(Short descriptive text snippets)
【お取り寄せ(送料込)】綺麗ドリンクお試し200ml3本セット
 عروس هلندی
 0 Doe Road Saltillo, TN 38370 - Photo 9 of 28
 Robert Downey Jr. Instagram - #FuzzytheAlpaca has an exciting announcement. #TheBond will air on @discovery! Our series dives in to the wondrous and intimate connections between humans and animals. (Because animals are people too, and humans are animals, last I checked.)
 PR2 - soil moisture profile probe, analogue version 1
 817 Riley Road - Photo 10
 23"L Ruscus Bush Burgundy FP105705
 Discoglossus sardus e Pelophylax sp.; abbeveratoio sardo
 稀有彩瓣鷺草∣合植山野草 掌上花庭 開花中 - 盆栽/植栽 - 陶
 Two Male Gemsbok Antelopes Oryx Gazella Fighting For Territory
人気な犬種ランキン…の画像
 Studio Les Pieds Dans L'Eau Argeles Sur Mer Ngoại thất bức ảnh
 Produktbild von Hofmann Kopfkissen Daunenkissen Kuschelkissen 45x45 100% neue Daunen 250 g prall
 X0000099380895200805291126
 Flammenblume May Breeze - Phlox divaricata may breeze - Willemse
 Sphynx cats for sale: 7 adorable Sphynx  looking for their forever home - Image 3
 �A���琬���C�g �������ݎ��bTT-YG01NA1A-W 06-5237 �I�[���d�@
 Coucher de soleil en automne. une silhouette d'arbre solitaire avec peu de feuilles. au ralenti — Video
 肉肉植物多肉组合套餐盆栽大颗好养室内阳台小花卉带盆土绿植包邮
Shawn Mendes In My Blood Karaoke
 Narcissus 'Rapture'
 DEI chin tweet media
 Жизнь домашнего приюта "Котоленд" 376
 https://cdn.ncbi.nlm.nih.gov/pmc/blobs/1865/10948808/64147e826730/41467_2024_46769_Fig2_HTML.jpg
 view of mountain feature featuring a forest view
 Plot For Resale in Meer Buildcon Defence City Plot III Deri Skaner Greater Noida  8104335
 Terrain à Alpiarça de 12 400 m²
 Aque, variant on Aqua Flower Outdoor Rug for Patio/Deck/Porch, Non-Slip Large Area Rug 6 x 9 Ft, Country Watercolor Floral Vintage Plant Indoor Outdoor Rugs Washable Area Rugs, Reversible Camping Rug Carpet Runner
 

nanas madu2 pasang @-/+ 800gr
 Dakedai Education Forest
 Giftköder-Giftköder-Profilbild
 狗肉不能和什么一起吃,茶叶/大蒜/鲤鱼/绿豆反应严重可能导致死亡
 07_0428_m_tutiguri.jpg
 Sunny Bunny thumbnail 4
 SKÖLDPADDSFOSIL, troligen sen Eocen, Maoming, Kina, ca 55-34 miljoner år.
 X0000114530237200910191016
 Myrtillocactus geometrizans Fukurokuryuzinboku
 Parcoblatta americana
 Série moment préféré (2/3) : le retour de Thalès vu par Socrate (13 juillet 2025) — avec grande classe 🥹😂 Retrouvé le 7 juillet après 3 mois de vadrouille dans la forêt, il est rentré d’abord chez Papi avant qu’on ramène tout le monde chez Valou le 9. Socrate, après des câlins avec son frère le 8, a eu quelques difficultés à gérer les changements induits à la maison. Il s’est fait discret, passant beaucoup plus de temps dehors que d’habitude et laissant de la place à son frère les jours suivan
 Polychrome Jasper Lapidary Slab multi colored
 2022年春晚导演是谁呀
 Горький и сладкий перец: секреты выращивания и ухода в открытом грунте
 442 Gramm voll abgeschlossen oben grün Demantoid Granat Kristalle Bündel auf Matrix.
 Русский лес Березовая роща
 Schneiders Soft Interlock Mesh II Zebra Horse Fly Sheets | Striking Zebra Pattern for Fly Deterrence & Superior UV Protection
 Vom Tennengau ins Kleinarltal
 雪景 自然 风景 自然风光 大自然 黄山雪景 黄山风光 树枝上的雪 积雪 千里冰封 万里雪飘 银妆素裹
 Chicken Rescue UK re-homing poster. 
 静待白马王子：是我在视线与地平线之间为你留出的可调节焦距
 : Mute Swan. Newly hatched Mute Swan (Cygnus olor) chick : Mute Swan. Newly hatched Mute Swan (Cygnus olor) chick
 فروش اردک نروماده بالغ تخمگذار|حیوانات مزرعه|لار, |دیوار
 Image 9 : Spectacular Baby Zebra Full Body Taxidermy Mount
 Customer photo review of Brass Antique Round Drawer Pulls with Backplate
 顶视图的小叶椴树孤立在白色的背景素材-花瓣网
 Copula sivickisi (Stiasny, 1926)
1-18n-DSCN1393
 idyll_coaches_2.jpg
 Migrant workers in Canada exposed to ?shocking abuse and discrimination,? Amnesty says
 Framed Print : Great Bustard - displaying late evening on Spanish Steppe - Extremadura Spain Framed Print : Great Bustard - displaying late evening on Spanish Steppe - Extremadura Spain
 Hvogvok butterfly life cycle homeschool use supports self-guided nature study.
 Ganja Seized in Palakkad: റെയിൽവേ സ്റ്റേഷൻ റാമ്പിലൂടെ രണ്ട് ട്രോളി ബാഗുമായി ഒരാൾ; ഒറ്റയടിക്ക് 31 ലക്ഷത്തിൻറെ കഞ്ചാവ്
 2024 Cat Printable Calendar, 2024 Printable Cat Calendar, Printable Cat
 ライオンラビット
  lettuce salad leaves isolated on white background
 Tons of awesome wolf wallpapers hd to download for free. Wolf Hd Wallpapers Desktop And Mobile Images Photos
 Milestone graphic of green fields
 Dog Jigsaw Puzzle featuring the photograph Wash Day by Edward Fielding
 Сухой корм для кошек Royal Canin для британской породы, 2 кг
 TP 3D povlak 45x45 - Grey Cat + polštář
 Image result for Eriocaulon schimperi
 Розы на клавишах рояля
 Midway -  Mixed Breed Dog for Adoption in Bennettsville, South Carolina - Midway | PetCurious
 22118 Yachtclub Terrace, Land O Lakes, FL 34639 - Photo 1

• What is expected:
In the records above, which lines hold the string "featuring"? Copy each one.

• Expected answer:
 view of mountain feature featuring a forest view
 Dog Jigsaw Puzzle featuring the photograph Wash Day by Edward Fielding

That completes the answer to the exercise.